▸ **Task**:
Starting with the line containing "VS Amerikaanse vlag" and going on through the line containing "Men’s Sky Blue Formal Dress Shirt", return the lines of the data below exactly, and only those.
---------- Information ----------
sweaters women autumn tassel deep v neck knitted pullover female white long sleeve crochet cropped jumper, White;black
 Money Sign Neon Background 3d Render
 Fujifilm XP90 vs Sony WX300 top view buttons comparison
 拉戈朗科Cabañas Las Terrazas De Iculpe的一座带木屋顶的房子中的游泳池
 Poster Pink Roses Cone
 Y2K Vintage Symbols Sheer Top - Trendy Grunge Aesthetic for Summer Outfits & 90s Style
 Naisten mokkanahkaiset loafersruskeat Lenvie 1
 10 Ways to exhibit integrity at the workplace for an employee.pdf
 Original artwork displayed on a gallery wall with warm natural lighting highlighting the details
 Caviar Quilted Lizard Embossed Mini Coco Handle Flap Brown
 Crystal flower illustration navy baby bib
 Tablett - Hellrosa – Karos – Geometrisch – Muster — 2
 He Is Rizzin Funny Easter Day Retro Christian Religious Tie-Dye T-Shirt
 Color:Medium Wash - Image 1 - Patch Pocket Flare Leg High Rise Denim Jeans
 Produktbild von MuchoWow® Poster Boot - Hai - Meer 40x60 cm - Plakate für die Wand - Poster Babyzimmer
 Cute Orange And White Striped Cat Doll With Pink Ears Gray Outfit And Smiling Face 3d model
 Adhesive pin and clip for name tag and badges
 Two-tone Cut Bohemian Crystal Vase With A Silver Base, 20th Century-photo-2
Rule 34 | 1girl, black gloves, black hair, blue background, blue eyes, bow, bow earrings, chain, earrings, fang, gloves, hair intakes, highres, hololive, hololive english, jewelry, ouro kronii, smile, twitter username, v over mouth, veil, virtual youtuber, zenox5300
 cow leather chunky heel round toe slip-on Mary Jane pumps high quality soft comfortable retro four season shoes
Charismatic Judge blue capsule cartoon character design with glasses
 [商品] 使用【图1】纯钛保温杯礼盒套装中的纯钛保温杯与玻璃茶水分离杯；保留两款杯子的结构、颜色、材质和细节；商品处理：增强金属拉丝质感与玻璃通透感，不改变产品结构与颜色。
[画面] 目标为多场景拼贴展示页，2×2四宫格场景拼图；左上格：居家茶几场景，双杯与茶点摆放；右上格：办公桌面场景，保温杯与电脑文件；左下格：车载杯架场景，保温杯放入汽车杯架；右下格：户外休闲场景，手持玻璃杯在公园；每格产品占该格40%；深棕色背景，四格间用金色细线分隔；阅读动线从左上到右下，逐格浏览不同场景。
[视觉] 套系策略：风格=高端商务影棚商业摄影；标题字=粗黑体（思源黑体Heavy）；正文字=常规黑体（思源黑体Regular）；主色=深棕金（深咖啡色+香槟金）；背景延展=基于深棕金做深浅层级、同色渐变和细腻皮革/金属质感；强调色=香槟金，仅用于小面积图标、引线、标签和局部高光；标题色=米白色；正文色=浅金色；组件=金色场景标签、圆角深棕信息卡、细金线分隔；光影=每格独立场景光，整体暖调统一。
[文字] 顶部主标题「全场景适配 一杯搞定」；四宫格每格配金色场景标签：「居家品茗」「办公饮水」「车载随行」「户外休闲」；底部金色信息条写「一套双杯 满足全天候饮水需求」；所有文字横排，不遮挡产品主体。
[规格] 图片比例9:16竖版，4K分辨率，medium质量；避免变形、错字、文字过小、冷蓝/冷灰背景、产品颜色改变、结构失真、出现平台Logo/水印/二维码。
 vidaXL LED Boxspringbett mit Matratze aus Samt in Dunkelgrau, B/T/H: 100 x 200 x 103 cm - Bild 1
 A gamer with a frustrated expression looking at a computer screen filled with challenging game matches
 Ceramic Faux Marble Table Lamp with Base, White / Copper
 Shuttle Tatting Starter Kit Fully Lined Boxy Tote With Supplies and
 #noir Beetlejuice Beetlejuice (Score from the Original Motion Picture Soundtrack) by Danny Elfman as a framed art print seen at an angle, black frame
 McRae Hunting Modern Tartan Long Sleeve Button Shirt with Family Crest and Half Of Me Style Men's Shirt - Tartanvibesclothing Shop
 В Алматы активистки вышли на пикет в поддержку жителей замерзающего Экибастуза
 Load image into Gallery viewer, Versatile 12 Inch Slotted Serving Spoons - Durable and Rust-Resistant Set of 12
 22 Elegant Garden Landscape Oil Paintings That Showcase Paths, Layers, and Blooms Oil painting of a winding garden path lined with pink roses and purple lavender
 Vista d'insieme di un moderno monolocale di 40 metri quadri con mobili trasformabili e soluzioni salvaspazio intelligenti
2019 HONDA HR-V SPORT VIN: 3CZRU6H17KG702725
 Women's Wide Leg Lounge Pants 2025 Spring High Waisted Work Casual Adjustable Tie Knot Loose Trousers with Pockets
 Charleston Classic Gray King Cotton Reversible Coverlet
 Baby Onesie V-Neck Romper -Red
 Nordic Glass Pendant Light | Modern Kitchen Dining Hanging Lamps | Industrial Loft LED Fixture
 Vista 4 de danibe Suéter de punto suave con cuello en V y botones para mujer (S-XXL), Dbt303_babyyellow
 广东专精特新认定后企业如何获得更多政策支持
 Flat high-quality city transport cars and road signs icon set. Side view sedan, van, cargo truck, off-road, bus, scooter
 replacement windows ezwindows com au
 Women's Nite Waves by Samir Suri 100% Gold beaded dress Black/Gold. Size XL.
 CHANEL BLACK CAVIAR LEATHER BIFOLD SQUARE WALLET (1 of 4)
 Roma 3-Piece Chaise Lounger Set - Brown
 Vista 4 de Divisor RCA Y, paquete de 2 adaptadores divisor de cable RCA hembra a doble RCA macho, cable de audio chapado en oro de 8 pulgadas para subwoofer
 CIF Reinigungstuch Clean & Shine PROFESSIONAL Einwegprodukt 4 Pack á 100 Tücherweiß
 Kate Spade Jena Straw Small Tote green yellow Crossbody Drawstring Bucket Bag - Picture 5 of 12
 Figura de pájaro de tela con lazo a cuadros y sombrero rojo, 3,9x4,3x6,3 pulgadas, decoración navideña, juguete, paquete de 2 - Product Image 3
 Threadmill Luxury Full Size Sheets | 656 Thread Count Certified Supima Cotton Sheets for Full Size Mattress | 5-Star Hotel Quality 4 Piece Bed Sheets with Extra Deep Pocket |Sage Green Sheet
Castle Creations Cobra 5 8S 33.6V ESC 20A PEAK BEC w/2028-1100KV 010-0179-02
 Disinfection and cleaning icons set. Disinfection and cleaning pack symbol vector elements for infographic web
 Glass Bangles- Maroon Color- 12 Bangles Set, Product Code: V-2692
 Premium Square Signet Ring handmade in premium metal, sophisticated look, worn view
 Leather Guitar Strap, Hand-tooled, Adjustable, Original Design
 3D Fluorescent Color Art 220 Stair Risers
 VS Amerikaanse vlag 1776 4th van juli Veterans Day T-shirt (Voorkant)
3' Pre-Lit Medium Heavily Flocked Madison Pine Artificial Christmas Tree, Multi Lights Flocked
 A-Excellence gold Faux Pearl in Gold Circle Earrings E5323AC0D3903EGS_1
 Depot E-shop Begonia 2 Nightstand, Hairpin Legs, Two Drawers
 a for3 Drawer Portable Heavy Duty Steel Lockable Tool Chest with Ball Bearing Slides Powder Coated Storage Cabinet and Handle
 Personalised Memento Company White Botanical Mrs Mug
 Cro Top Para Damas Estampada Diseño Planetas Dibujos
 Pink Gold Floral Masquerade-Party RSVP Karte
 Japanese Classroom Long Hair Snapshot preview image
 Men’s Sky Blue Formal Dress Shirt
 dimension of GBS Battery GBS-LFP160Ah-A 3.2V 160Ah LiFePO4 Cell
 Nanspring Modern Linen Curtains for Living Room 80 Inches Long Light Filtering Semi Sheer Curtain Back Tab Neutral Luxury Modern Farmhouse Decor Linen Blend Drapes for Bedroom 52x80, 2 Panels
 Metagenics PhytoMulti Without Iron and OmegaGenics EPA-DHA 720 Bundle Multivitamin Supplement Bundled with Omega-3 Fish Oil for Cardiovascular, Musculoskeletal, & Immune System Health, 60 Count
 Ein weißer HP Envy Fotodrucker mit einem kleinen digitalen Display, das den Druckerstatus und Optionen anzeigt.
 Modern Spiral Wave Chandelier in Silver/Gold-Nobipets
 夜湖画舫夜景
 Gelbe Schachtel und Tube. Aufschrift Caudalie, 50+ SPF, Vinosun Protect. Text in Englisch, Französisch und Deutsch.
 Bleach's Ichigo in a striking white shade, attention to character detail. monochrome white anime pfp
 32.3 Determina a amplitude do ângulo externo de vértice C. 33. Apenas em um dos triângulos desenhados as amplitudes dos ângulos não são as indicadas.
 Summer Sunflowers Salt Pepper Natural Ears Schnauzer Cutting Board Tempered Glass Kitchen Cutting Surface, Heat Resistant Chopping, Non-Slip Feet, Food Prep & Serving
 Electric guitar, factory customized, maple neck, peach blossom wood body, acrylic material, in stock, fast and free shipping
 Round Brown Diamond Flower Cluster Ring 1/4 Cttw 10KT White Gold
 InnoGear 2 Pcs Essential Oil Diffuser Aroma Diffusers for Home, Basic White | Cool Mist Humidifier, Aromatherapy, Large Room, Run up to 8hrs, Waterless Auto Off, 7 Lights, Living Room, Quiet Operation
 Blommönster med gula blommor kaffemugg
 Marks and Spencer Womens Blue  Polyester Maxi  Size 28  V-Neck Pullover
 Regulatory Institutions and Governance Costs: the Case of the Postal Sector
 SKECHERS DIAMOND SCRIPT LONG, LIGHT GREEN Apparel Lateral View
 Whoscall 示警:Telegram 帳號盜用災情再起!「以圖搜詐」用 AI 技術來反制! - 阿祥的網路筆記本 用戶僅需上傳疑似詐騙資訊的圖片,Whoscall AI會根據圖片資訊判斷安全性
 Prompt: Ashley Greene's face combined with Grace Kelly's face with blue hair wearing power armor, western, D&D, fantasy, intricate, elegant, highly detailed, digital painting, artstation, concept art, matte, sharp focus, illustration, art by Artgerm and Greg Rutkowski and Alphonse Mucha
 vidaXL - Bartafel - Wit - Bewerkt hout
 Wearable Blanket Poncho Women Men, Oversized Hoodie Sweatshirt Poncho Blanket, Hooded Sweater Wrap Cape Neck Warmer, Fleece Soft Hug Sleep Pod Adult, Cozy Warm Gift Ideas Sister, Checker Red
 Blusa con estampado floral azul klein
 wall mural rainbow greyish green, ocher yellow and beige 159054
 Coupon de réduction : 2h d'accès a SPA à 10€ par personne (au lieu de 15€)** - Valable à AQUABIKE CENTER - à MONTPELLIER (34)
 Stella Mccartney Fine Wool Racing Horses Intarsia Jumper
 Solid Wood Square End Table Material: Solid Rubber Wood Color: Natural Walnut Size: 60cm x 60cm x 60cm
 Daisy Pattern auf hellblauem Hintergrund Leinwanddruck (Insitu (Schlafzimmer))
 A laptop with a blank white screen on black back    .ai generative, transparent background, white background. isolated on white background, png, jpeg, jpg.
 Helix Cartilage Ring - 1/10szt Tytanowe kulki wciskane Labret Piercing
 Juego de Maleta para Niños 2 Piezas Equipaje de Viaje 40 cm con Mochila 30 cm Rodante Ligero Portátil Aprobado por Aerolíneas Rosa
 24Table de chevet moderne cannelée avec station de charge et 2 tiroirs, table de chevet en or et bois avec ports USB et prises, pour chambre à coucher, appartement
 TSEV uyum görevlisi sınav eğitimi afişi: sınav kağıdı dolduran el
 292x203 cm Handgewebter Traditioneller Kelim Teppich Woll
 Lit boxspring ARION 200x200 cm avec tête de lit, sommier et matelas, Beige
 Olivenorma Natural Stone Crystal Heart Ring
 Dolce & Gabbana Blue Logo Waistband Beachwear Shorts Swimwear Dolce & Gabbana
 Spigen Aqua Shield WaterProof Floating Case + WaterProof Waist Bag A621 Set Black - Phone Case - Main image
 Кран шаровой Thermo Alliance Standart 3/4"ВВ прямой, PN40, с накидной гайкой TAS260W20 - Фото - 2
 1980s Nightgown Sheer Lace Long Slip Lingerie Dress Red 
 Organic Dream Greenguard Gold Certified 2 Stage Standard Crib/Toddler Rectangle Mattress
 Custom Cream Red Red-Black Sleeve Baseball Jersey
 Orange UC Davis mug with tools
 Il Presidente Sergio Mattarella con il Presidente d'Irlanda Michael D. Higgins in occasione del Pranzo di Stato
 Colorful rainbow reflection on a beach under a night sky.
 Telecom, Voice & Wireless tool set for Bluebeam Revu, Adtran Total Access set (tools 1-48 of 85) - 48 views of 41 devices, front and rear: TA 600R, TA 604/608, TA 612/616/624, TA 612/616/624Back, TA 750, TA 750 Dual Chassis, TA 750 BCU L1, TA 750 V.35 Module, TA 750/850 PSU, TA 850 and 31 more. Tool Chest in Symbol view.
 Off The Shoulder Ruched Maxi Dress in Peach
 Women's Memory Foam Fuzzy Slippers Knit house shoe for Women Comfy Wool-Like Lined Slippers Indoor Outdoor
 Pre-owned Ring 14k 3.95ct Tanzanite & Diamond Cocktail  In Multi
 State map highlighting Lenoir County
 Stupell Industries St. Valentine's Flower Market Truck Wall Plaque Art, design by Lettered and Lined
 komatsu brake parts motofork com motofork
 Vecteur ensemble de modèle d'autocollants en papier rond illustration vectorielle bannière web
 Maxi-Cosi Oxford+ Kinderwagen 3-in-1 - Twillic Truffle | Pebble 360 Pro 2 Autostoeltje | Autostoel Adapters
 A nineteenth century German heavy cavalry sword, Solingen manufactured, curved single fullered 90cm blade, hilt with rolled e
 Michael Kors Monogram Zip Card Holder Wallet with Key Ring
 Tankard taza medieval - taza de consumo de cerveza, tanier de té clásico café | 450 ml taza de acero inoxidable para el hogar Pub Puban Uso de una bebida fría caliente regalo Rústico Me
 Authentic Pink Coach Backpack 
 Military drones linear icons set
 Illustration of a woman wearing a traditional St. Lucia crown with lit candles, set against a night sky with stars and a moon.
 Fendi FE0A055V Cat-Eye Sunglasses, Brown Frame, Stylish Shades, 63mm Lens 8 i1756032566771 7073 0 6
----------
▸ **Problem solution**:
 VS Amerikaanse vlag 1776 4th van juli Veterans Day T-shirt (Voorkant)
3' Pre-Lit Medium Heavily Flocked Madison Pine Artificial Christmas Tree, Multi Lights Flocked
 A-Excellence gold Faux Pearl in Gold Circle Earrings E5323AC0D3903EGS_1
 Depot E-shop Begonia 2 Nightstand, Hairpin Legs, Two Drawers
 a for3 Drawer Portable Heavy Duty Steel Lockable Tool Chest with Ball Bearing Slides Powder Coated Storage Cabinet and Handle
 Personalised Memento Company White Botanical Mrs Mug
 Cro Top Para Damas Estampada Diseño Planetas Dibujos
 Pink Gold Floral Masquerade-Party RSVP Karte
 Japanese Classroom Long Hair Snapshot preview image
 Men’s Sky Blue Formal Dress Shirt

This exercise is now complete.